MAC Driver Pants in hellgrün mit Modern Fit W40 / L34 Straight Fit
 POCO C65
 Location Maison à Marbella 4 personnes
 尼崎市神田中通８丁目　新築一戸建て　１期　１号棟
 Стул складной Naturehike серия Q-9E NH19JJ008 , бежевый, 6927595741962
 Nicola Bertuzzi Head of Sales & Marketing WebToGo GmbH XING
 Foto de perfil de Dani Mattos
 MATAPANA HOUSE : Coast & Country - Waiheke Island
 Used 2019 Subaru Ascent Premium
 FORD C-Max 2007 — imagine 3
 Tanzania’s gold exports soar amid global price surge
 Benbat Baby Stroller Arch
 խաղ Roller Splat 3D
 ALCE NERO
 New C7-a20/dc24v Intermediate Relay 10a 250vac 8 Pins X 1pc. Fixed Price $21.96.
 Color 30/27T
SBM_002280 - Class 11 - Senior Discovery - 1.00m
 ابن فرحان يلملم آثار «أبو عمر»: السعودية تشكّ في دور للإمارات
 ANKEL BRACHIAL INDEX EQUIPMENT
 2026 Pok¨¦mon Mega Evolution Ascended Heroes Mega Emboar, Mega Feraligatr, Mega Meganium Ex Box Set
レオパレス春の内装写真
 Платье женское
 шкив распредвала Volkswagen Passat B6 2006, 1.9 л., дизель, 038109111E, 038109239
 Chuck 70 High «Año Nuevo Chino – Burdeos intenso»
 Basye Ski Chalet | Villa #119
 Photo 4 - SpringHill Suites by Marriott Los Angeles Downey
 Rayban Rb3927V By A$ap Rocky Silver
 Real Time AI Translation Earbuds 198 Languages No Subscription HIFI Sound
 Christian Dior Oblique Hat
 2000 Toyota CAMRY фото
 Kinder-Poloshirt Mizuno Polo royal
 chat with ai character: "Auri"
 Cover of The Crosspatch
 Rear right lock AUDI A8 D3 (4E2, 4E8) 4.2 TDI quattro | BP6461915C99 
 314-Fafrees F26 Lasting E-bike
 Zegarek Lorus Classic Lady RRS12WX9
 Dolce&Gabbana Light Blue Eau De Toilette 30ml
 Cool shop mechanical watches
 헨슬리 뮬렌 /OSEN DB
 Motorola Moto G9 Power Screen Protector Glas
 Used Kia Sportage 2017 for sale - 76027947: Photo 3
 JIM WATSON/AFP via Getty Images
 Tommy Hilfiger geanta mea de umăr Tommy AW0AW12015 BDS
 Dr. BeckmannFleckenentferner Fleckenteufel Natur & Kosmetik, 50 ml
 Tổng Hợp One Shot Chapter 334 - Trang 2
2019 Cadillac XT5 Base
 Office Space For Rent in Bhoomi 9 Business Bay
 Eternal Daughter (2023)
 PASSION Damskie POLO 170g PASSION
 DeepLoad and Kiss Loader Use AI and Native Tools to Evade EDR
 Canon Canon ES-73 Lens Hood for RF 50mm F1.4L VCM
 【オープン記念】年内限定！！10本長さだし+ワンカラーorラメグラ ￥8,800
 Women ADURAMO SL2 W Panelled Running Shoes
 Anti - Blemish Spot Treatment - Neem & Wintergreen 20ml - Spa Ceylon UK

■ Activity ■
All of the material must be given again, exactly as it appears above.

■ Reply to the task ■
MAC Driver Pants in hellgrün mit Modern Fit W40 / L34 Straight Fit
 POCO C65
 Location Maison à Marbella 4 personnes
 尼崎市神田中通８丁目　新築一戸建て　１期　１号棟
 Стул складной Naturehike серия Q-9E NH19JJ008 , бежевый, 6927595741962
 Nicola Bertuzzi Head of Sales & Marketing WebToGo GmbH XING
 Foto de perfil de Dani Mattos
 MATAPANA HOUSE : Coast & Country - Waiheke Island
 Used 2019 Subaru Ascent Premium
 FORD C-Max 2007 — imagine 3
 Tanzania’s gold exports soar amid global price surge
 Benbat Baby Stroller Arch
 խաղ Roller Splat 3D
 ALCE NERO
 New C7-a20/dc24v Intermediate Relay 10a 250vac 8 Pins X 1pc. Fixed Price $21.96.
 Color 30/27T
SBM_002280 - Class 11 - Senior Discovery - 1.00m
 ابن فرحان يلملم آثار «أبو عمر»: السعودية تشكّ في دور للإمارات
 ANKEL BRACHIAL INDEX EQUIPMENT
 2026 Pok¨¦mon Mega Evolution Ascended Heroes Mega Emboar, Mega Feraligatr, Mega Meganium Ex Box Set
レオパレス春の内装写真
 Платье женское
 шкив распредвала Volkswagen Passat B6 2006, 1.9 л., дизель, 038109111E, 038109239
 Chuck 70 High «Año Nuevo Chino – Burdeos intenso»
 Basye Ski Chalet | Villa #119
 Photo 4 - SpringHill Suites by Marriott Los Angeles Downey
 Rayban Rb3927V By A$ap Rocky Silver
 Real Time AI Translation Earbuds 198 Languages No Subscription HIFI Sound
 Christian Dior Oblique Hat
 2000 Toyota CAMRY фото
 Kinder-Poloshirt Mizuno Polo royal
 chat with ai character: "Auri"
 Cover of The Crosspatch
 Rear right lock AUDI A8 D3 (4E2, 4E8) 4.2 TDI quattro | BP6461915C99 
 314-Fafrees F26 Lasting E-bike
 Zegarek Lorus Classic Lady RRS12WX9
 Dolce&Gabbana Light Blue Eau De Toilette 30ml
 Cool shop mechanical watches
 헨슬리 뮬렌 /OSEN DB
 Motorola Moto G9 Power Screen Protector Glas
 Used Kia Sportage 2017 for sale - 76027947: Photo 3
 JIM WATSON/AFP via Getty Images
 Tommy Hilfiger geanta mea de umăr Tommy AW0AW12015 BDS
 Dr. BeckmannFleckenentferner Fleckenteufel Natur & Kosmetik, 50 ml
 Tổng Hợp One Shot Chapter 334 - Trang 2
2019 Cadillac XT5 Base
 Office Space For Rent in Bhoomi 9 Business Bay
 Eternal Daughter (2023)
 PASSION Damskie POLO 170g PASSION
 DeepLoad and Kiss Loader Use AI and Native Tools to Evade EDR
 Canon Canon ES-73 Lens Hood for RF 50mm F1.4L VCM
 【オープン記念】年内限定！！10本長さだし+ワンカラーorラメグラ ￥8,800
 Women ADURAMO SL2 W Panelled Running Shoes
 Anti - Blemish Spot Treatment - Neem & Wintergreen 20ml - Spa Ceylon UK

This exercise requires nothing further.